All who wish to debate the UK economy and austerity should start by examining these figures. The official statistics show us that real public expenditure rose a bit under the Coalition. Over the last five years public spending has made a small positive contribution to economic growth and output. It has not reduced or slowed our economy as some have argued.Welfare spending has risen, despite a fall in unemployment, mainly owing to upratings of benefits.

The main tax rise has come from the increased rate of VAT and from increased transactions in the economy boosting VAT receipts more. Income tax revenue is only slightly up, as natural gains from more output have been reduced by taking 2.5 million people out of tax altogether and by the 50% rate in place for part of the period.Over the five years more than an extra £500 billion or £7800 per person was borrowed. It is difficult to believe the state could have borrowed much more without triggering higher interest rates and a loss of confidence in financial management.

St George’s day

Happy St George’s day. England awakes.
Just the day for a Manifesto for England. Which party or parties do you think will produce one?
The emphasis in this election on the issues of Scotland should make us ask what is on offer for England, on this day of all days.
The media decided to give the SNP star billing in the tv debates. The Scottish voters have decided to propel the SNP to new highs in the polls, making them of more interest to the commentators. The main parties left unfinished business from the last Parliament, to transfer new major powers to the Scottish Parliament from Westminster.
Only the Conservative party saw this also meant we have now to tackle the problem of England. Labour and the Lib Dems have contented themselves with saying they will look into it in the next Parliament. Their lack of enthusiasm for the task comes through in their limp and feeble proposals, and in their belief that somehow a bit more devolution to Councils can answer the problem. It most certainly cannot.
The minimum England needs is the same rights to settle matters for our country that Scotland will achieve through the new devolution Act planned for the first year of the new Parliament.

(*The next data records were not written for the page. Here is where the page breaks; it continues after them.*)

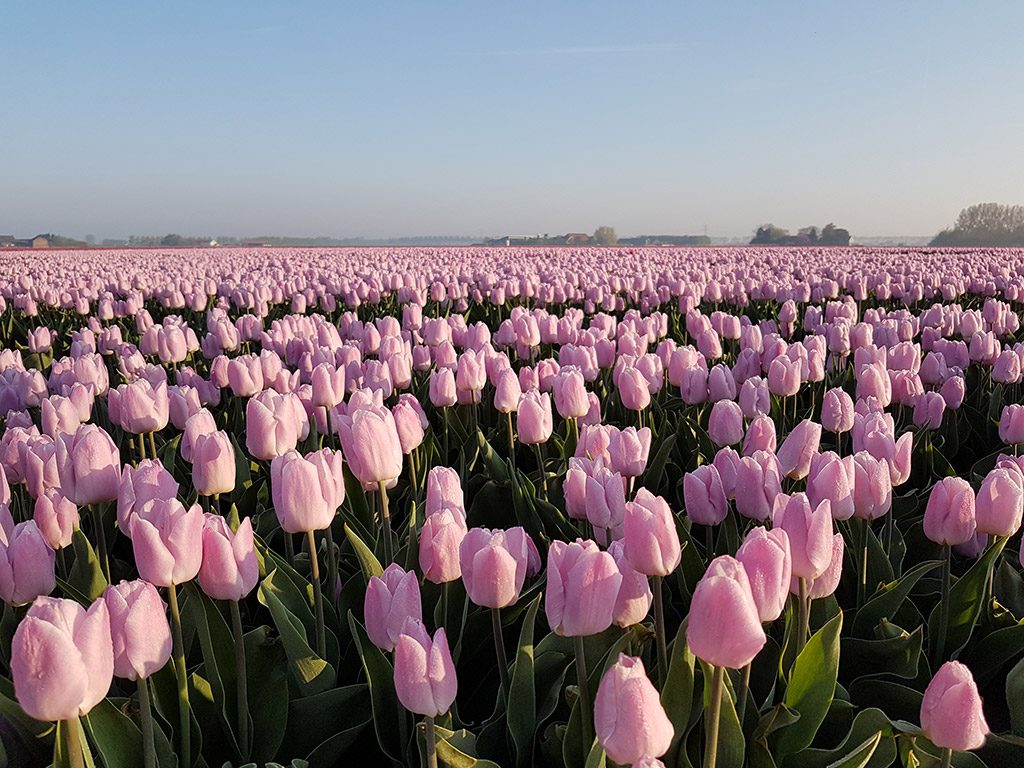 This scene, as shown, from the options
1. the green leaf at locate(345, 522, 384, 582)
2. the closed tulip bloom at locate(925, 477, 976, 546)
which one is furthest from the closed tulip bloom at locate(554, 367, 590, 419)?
the closed tulip bloom at locate(925, 477, 976, 546)

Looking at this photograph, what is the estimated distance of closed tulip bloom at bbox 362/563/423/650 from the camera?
1.24 meters

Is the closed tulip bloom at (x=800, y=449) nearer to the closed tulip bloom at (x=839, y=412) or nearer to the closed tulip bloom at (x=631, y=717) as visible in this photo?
the closed tulip bloom at (x=839, y=412)

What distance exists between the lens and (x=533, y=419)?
2455mm

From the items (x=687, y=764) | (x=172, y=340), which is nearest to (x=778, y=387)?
(x=687, y=764)

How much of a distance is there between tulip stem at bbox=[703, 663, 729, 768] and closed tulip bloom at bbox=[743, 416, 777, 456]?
107cm

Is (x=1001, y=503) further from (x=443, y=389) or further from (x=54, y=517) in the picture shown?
(x=54, y=517)

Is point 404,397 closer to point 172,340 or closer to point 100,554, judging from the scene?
point 100,554

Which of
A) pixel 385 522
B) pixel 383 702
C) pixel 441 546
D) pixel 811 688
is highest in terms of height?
pixel 441 546

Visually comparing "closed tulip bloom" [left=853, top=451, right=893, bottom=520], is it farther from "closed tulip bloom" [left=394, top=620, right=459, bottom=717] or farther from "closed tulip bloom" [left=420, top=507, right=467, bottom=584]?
"closed tulip bloom" [left=394, top=620, right=459, bottom=717]

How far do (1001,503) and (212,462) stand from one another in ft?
5.63

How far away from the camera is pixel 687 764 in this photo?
1.27 metres

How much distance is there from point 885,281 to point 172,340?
7.12 meters

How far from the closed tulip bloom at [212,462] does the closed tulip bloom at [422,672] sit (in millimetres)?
943

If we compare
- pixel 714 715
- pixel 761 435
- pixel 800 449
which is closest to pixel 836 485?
pixel 800 449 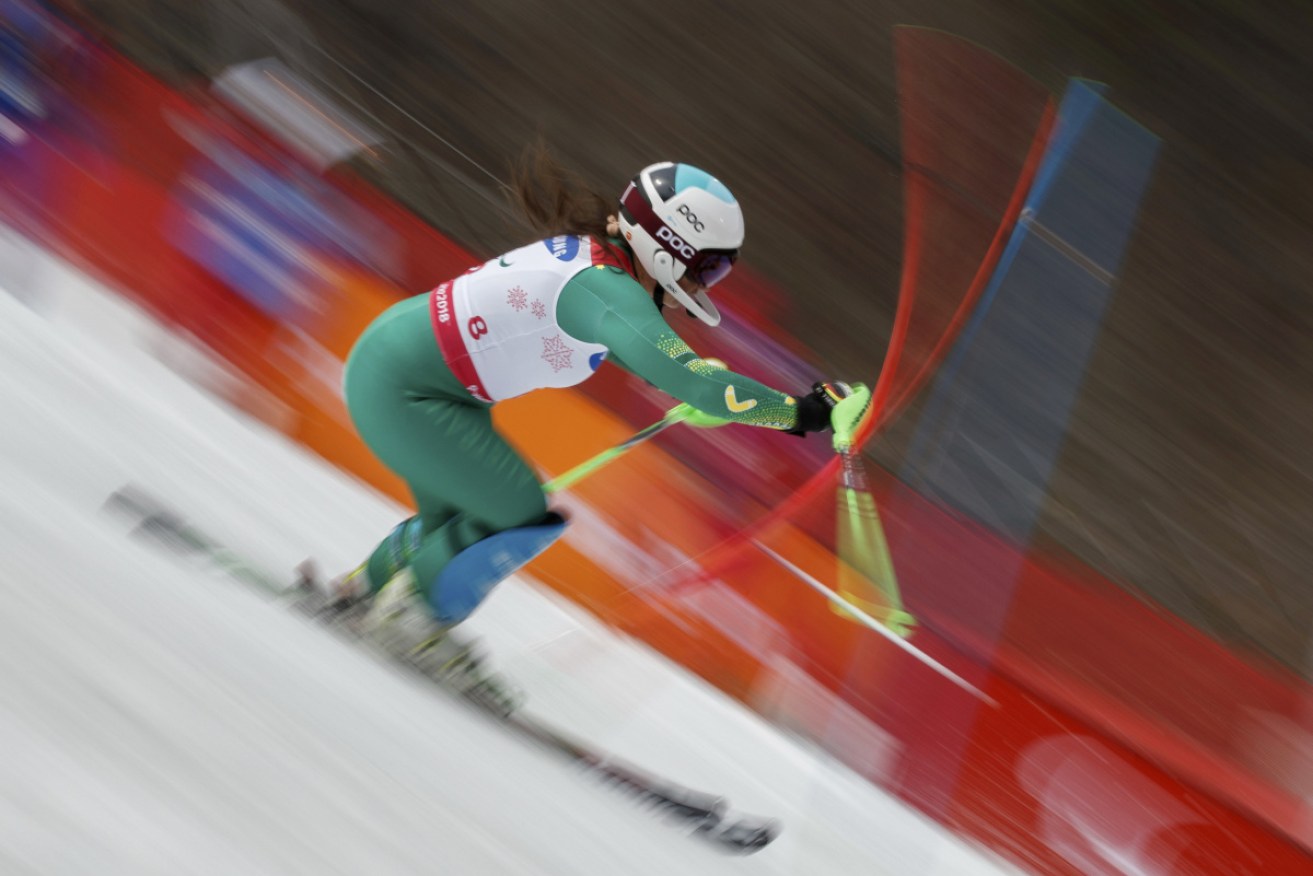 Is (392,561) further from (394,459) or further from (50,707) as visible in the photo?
(50,707)

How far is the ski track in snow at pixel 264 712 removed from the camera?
7.00 feet

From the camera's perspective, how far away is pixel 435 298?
2.61 metres

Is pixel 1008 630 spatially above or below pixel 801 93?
below

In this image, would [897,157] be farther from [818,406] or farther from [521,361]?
[521,361]

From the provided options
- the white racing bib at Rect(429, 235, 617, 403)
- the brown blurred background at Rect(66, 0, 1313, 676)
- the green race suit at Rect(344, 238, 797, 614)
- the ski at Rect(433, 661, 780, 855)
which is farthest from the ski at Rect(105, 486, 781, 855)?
the brown blurred background at Rect(66, 0, 1313, 676)

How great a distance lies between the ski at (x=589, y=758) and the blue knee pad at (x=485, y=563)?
0.18 metres

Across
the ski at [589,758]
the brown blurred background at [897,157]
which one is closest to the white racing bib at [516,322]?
the ski at [589,758]

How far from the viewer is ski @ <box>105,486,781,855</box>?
276cm

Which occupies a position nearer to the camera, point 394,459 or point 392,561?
point 394,459

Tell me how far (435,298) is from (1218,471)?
3.15 meters

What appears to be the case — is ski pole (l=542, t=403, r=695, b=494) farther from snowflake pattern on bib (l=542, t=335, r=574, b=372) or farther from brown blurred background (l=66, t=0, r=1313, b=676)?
brown blurred background (l=66, t=0, r=1313, b=676)

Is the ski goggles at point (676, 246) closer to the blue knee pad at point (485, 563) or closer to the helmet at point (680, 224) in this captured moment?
the helmet at point (680, 224)

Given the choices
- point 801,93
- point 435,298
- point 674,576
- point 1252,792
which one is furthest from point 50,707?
point 801,93

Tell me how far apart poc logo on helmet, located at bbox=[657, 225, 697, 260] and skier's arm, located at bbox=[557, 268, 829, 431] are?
0.41 ft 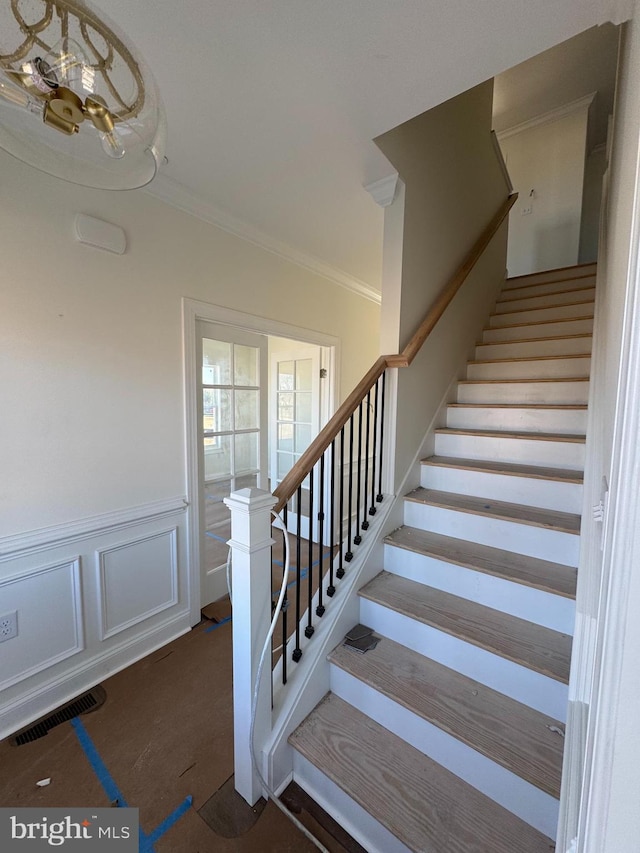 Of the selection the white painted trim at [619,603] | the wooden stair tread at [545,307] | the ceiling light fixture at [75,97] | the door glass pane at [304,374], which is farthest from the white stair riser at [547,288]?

In some cases it will be England, Wales and Northern Ireland deciding things, in other cases just England, depending on the degree of devolution elsewhere.
Today I repeat my campaign for EVEN – English votes for English needs. If Scotland decides her own Income Tax, so must England. If Scotland decides her own local government settlement – within the bloc totals – so must England settle hers. If Scotland can legislate for herself without England, then so should England be able to legislate for herself.
The UK is a country which believes in fairness. Today of all days we should seek fairness for England.